It’s hard to say when you meet one.
Growing up, best friends were the ones you bonded with, the ones that you shared classes with, the one you shared your darkest secrets with…it was meant to be forever.
I had one in middle school. Although it never felt quite true even when she gave me a BFF necklace. She gave me both pieces and I wasn’t ever sure if I was supposed to give one half to her. I never did.
Approaching high school, our friendship became competitive as we tried to outdo each other in AP classes, hours we put into peer tutoring, and the gifts we gave each other. It was exhausting and we went our separate ways when we went to college—although it was the same university.
In the digital era, I have the option to put someone on my home screen on my phone. I can quickly dial the person, view their status update across twitter and facebook, and see their message instantaneously.

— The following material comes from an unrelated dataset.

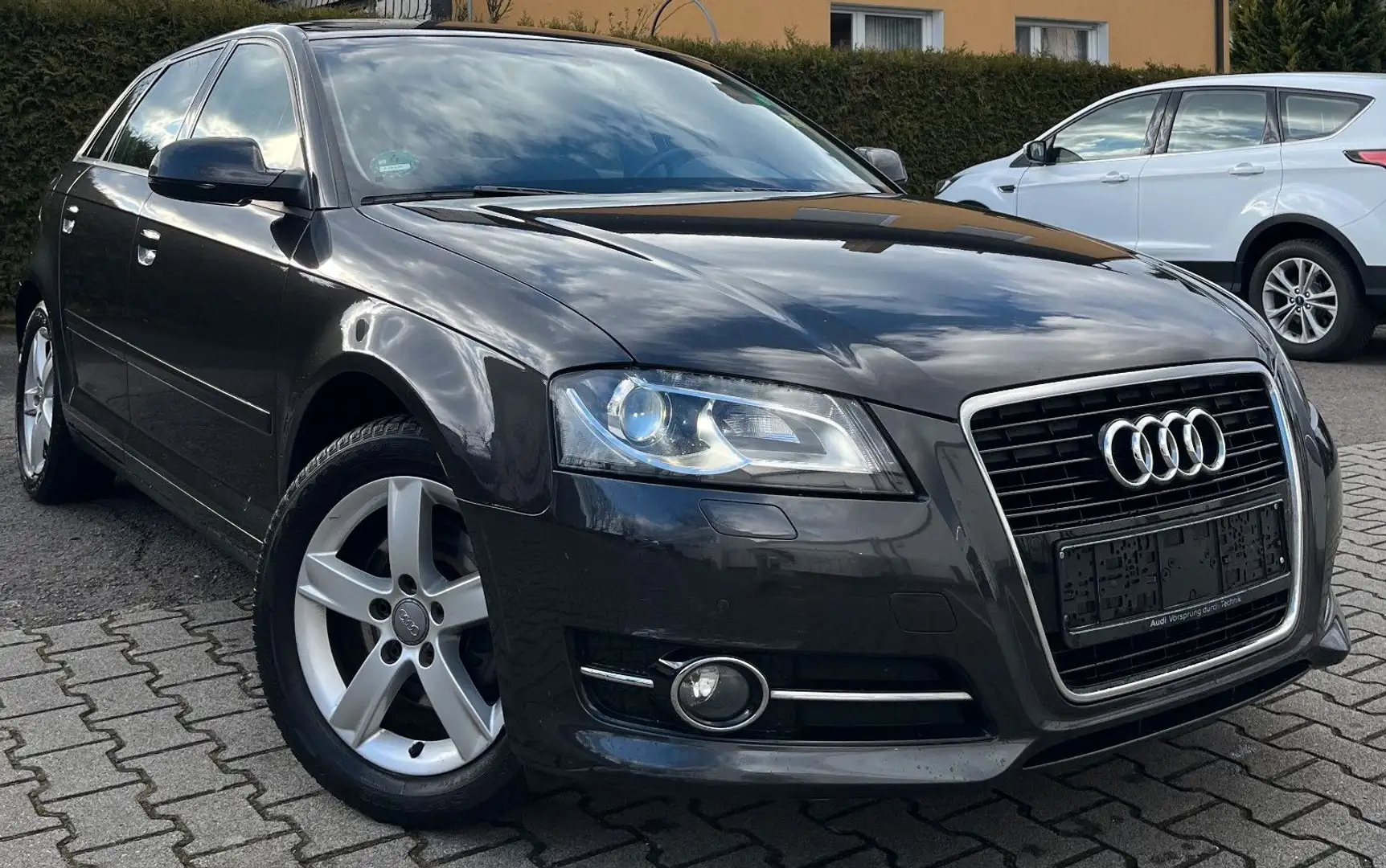Audi A3 1.4 TFSI Ambiente XENON PDC BLUETOOTH 1.HD Grijs - 1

As a UX designer and researcher at a mobile company, I wanted a design solution to filter all the emails, phone calls, and text messages to the people that mattered. Beyond family members and significant others, the solution was simply…favorites.
During a brainstorm for this design, a coworker looked me and said, “Best friends.”
Family, significant others and best friends. Of course, we would always want to hear what was important from our best friends, right?
He had just moved to San Francisco and only knew a handful of people. Having started a new phase of my life, I suddenly was looking for interesting people. So I welcomed him into my social life—inviting him to symphonies, plays with my friends. We shared similar music tastes and a love for food. But most importantly, we shared conversations about ourselves and who we could be.